Trenowałyśmy, walczyłyśmy w każdym meczu o zwycięstwo, ale było ciężko, bo nie czułyśmy wsparcia ze strony zarządu. Drużyna z trenerem robiła, co mogła. Jest koniec sezonu, a my nie wiemy, co z nami będzie. Nie wiem, czy mamy szukać klubu. Chciałabym dalej grać z tym zespołem, ale nie wiemy, czy będziemy grały w pierwszej lidze
- podkreślała w rozmowie z Radiem Kraków piłkarka Tarnovii Gabriela Gębica.
2 bramki w meczu ze Śląskiem strzeliła Katarzyna Białoszewska. "Chciałyśmy pożegnać się godnie z ekstraligą. Myślę, że i tak to zrobiłyśmy, bo Śląsk to fajnie poukładany zespół i remis z nimi wcale nie jest dla nas porażką. Choć zwycięstwo naprawdę było blisko".
Białoszewska skończyła sezon w ekstralidze z 12 bramkami na koncie. I już wcześniej podjęła decyzje o odejściu z drużyny. Liderka Tarnovii pozostanie w ekstralidze, ale będzie już występowała w innym zespole.

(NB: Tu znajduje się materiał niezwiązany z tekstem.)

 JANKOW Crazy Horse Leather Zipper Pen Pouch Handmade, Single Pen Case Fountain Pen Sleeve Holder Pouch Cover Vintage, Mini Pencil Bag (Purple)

Spowodowane jest to też spadkiem, chociaż decyzje podjęłam już wcześniej z racji tego, jakie rzeczy się tutaj dzieją. Jest ogromny żal, bo to jest moja rodzina, kocham te dziewczyny i zespół z całego serca. W drugiej części sezonu się osłabiliśmy. Inne drużyny się wzmacniały, chociażby Ukrainkami, które mogły dołączyć do drużyny. Od nas odeszły 2-3 kluczowe zawodniczki. I tak naprawdę występowałyśmy jeszcze słabszym zespołem niż w pierwszej rundzie. A wydaje mi się, że piłkarsko wyglądałyśmy lepiej. Pokazałyśmy serce, że wiara i walka na boisku może na prawdę działać cuda. I może jedno, dwa zwycięstwa więcej i utrzymałybyśmy ten zespół w ekstralidze. Tylko pytanie, czy gdyby Tarnovia utrzymałaby się w ekstralidze to, czy by w niej wystąpiła. Bo my wciąż nie wiem co dalej. Nie wiemy nawet, czy ten zespół dalej istnieje
- podkreśla Katarzyna Białoszewska, która była kapitanem kobiecej drużyny Tarnovii.

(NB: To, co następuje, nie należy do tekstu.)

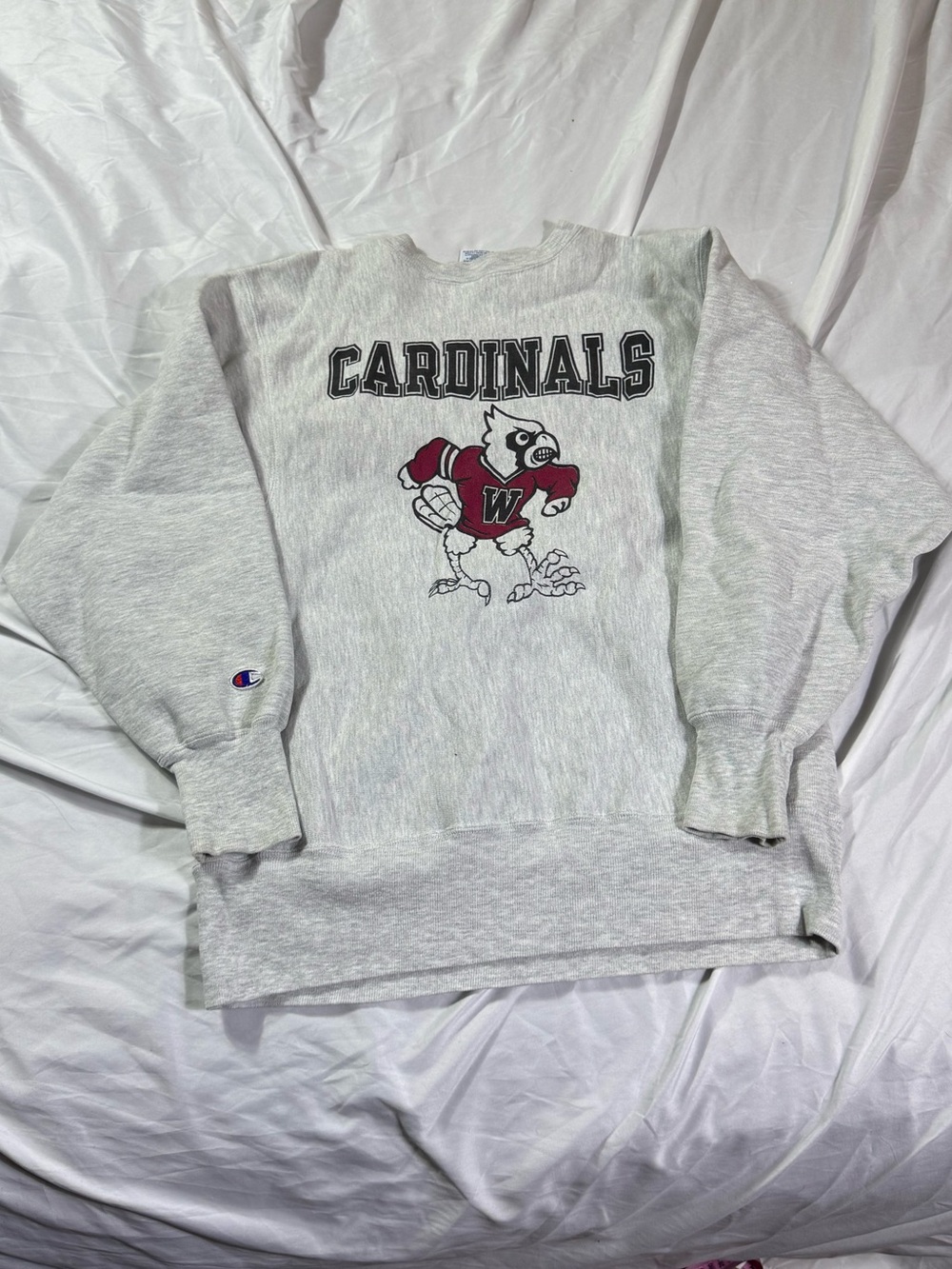 Champion Heather Gray Wesleyan Cardinals Sweatshirt with Red Mascot Large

Klub odmawia komentarza na temat dalszych losów tej drużyny. Z informacji Radia Kraków wynika, że przejęciem miejsca Tarnovii w kobiecej ekstralidze w przypadku utrzymania, były zainteresowane kluby piłkarskie z Warszawy, Krakowa, a także Bruk - Bet Termalika Nieciecza.